- [Task to carry out]:
What follows is a block of records; reproduce all of it verbatim.

===== Records supplied =====

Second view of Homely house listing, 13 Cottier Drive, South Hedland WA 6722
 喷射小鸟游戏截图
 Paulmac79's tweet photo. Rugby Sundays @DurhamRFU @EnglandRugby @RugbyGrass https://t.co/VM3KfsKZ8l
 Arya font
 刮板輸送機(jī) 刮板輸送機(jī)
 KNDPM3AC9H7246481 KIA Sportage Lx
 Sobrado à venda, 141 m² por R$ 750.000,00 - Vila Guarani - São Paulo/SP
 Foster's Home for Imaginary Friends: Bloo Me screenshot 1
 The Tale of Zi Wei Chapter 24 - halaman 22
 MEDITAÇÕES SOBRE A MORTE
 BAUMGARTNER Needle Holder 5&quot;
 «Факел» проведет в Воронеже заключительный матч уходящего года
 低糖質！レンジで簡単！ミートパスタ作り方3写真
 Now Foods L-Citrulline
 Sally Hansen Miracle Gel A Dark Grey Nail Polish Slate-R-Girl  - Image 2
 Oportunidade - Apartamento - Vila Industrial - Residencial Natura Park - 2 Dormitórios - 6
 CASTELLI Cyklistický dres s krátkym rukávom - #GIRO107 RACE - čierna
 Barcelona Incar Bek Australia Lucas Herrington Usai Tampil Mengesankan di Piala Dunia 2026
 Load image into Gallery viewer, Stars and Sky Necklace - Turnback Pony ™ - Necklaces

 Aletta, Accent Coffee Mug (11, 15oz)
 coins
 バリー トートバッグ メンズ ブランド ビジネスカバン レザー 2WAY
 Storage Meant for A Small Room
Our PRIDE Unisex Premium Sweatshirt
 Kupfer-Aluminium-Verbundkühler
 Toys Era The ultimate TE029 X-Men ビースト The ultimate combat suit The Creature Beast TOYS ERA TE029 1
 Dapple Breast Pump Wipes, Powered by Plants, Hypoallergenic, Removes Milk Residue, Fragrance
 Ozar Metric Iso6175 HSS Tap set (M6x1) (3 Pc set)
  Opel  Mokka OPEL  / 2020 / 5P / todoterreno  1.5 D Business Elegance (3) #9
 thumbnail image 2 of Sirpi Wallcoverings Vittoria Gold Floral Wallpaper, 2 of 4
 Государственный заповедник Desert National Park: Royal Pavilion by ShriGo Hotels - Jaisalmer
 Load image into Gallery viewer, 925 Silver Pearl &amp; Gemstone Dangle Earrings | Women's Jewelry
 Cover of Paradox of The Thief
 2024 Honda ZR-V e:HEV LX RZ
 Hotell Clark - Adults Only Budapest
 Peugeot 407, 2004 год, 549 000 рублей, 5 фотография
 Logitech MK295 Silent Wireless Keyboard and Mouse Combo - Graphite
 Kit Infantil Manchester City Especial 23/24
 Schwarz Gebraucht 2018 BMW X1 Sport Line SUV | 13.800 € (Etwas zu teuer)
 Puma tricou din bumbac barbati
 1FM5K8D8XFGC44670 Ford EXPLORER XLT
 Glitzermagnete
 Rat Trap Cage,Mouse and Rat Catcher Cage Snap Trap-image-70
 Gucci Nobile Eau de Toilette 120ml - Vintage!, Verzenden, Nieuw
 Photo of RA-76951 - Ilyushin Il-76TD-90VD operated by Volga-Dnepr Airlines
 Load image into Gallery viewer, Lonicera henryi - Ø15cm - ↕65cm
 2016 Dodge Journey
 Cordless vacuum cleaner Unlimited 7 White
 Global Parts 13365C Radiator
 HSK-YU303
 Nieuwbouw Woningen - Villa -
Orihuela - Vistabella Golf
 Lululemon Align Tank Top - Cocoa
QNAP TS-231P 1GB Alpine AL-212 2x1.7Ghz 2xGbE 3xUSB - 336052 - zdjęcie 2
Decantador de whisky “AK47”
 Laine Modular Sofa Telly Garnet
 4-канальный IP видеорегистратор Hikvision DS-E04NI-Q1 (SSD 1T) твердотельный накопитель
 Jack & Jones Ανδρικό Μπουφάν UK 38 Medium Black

=====

- [Exercise output]:
Second view of Homely house listing, 13 Cottier Drive, South Hedland WA 6722
 喷射小鸟游戏截图
 Paulmac79's tweet photo. Rugby Sundays @DurhamRFU @EnglandRugby @RugbyGrass https://t.co/VM3KfsKZ8l
 Arya font
 刮板輸送機(jī) 刮板輸送機(jī)
 KNDPM3AC9H7246481 KIA Sportage Lx
 Sobrado à venda, 141 m² por R$ 750.000,00 - Vila Guarani - São Paulo/SP
 Foster's Home for Imaginary Friends: Bloo Me screenshot 1
 The Tale of Zi Wei Chapter 24 - halaman 22
 MEDITAÇÕES SOBRE A MORTE
 BAUMGARTNER Needle Holder 5&quot;
 «Факел» проведет в Воронеже заключительный матч уходящего года
 低糖質！レンジで簡単！ミートパスタ作り方3写真
 Now Foods L-Citrulline
 Sally Hansen Miracle Gel A Dark Grey Nail Polish Slate-R-Girl  - Image 2
 Oportunidade - Apartamento - Vila Industrial - Residencial Natura Park - 2 Dormitórios - 6
 CASTELLI Cyklistický dres s krátkym rukávom - #GIRO107 RACE - čierna
 Barcelona Incar Bek Australia Lucas Herrington Usai Tampil Mengesankan di Piala Dunia 2026
 Load image into Gallery viewer, Stars and Sky Necklace - Turnback Pony ™ - Necklaces

 Aletta, Accent Coffee Mug (11, 15oz)
 coins
 バリー トートバッグ メンズ ブランド ビジネスカバン レザー 2WAY
 Storage Meant for A Small Room
Our PRIDE Unisex Premium Sweatshirt
 Kupfer-Aluminium-Verbundkühler
 Toys Era The ultimate TE029 X-Men ビースト The ultimate combat suit The Creature Beast TOYS ERA TE029 1
 Dapple Breast Pump Wipes, Powered by Plants, Hypoallergenic, Removes Milk Residue, Fragrance
 Ozar Metric Iso6175 HSS Tap set (M6x1) (3 Pc set)
  Opel  Mokka OPEL  / 2020 / 5P / todoterreno  1.5 D Business Elegance (3) #9
 thumbnail image 2 of Sirpi Wallcoverings Vittoria Gold Floral Wallpaper, 2 of 4
 Государственный заповедник Desert National Park: Royal Pavilion by ShriGo Hotels - Jaisalmer
 Load image into Gallery viewer, 925 Silver Pearl &amp; Gemstone Dangle Earrings | Women's Jewelry
 Cover of Paradox of The Thief
 2024 Honda ZR-V e:HEV LX RZ
 Hotell Clark - Adults Only Budapest
 Peugeot 407, 2004 год, 549 000 рублей, 5 фотография
 Logitech MK295 Silent Wireless Keyboard and Mouse Combo - Graphite
 Kit Infantil Manchester City Especial 23/24
 Schwarz Gebraucht 2018 BMW X1 Sport Line SUV | 13.800 € (Etwas zu teuer)
 Puma tricou din bumbac barbati
 1FM5K8D8XFGC44670 Ford EXPLORER XLT
 Glitzermagnete
 Rat Trap Cage,Mouse and Rat Catcher Cage Snap Trap-image-70
 Gucci Nobile Eau de Toilette 120ml - Vintage!, Verzenden, Nieuw
 Photo of RA-76951 - Ilyushin Il-76TD-90VD operated by Volga-Dnepr Airlines
 Load image into Gallery viewer, Lonicera henryi - Ø15cm - ↕65cm
 2016 Dodge Journey
 Cordless vacuum cleaner Unlimited 7 White
 Global Parts 13365C Radiator
 HSK-YU303
 Nieuwbouw Woningen - Villa -
Orihuela - Vistabella Golf
 Lululemon Align Tank Top - Cocoa
QNAP TS-231P 1GB Alpine AL-212 2x1.7Ghz 2xGbE 3xUSB - 336052 - zdjęcie 2
Decantador de whisky “AK47”
 Laine Modular Sofa Telly Garnet
 4-канальный IP видеорегистратор Hikvision DS-E04NI-Q1 (SSD 1T) твердотельный накопитель
 Jack & Jones Ανδρικό Μπουφάν UK 38 Medium Black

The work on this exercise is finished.